**EXTRACTED MATERIAL:**

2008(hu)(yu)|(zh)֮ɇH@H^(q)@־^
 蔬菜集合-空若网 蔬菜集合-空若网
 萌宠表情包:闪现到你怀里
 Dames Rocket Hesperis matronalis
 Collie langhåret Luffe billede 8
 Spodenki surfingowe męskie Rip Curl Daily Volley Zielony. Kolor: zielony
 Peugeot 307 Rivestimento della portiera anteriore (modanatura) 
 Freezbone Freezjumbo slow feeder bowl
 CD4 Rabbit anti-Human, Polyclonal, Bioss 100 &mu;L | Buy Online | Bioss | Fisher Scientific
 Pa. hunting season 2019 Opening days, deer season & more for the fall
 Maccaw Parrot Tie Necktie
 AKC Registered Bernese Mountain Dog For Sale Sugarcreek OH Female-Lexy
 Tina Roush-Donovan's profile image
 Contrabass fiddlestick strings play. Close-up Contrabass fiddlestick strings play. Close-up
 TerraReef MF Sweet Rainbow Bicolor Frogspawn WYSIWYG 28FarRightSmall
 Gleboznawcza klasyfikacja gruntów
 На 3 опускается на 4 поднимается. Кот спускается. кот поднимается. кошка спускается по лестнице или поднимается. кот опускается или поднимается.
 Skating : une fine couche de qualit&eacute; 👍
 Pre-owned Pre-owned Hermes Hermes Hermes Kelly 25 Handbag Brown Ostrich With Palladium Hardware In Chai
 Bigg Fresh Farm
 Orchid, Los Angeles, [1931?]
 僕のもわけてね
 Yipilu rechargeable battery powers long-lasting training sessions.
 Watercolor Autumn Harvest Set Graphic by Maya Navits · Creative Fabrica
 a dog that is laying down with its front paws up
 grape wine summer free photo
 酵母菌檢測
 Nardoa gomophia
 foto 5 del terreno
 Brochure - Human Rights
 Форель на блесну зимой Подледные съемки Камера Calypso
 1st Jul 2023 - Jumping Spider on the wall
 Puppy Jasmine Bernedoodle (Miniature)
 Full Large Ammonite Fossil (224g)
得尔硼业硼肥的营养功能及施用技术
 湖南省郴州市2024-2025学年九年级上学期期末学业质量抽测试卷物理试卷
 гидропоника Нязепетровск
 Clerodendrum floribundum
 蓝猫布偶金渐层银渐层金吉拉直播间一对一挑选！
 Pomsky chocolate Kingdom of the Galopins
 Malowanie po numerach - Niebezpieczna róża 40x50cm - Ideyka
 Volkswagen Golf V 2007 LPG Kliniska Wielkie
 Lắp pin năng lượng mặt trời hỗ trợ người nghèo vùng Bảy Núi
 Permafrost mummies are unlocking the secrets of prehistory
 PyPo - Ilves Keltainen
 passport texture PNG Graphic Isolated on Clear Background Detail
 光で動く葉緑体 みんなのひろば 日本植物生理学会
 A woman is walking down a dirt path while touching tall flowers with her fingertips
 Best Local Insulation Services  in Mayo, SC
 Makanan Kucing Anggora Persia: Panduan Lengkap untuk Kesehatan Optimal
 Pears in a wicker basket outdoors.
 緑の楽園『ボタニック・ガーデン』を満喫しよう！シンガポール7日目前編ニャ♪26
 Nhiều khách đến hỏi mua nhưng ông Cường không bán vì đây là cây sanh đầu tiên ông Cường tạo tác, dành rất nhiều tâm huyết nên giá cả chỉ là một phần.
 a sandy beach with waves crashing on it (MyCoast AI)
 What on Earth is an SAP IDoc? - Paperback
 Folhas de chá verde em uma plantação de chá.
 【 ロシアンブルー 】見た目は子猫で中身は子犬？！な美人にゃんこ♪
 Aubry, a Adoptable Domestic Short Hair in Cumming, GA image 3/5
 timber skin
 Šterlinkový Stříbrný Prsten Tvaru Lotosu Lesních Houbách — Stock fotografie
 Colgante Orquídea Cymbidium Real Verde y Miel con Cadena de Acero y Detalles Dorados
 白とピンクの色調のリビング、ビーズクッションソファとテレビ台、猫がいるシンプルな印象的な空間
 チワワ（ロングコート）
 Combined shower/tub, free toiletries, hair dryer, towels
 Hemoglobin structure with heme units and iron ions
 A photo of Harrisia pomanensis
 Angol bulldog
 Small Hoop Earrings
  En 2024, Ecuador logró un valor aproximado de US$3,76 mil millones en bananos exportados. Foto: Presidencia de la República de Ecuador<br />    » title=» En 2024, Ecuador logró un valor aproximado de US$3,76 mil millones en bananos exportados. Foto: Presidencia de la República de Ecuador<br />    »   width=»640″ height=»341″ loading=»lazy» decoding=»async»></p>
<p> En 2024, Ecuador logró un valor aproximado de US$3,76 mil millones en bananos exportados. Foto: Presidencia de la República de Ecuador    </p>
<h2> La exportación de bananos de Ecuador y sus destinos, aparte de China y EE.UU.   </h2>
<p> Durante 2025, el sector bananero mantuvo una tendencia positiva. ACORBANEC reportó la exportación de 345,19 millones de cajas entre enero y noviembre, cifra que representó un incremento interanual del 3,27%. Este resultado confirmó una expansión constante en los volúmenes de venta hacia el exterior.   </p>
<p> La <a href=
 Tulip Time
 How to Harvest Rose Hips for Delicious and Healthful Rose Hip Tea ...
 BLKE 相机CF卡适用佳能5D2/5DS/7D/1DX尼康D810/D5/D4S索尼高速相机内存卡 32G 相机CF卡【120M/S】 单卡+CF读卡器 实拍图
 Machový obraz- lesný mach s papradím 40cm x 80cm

**AIM OF THE TASK:** Reply with the lines from the first line of the entries through the line that contains "Freezbone Freezjumbo slow feeder bowl", repeated exactly with both ends kept, and with nothing else.

**COMPLETED TASK:**
2008(hu)(yu)|(zh)֮ɇH@H^(q)@־^
 蔬菜集合-空若网 蔬菜集合-空若网
 萌宠表情包:闪现到你怀里
 Dames Rocket Hesperis matronalis
 Collie langhåret Luffe billede 8
 Spodenki surfingowe męskie Rip Curl Daily Volley Zielony. Kolor: zielony
 Peugeot 307 Rivestimento della portiera anteriore (modanatura) 
 Freezbone Freezjumbo slow feeder bowl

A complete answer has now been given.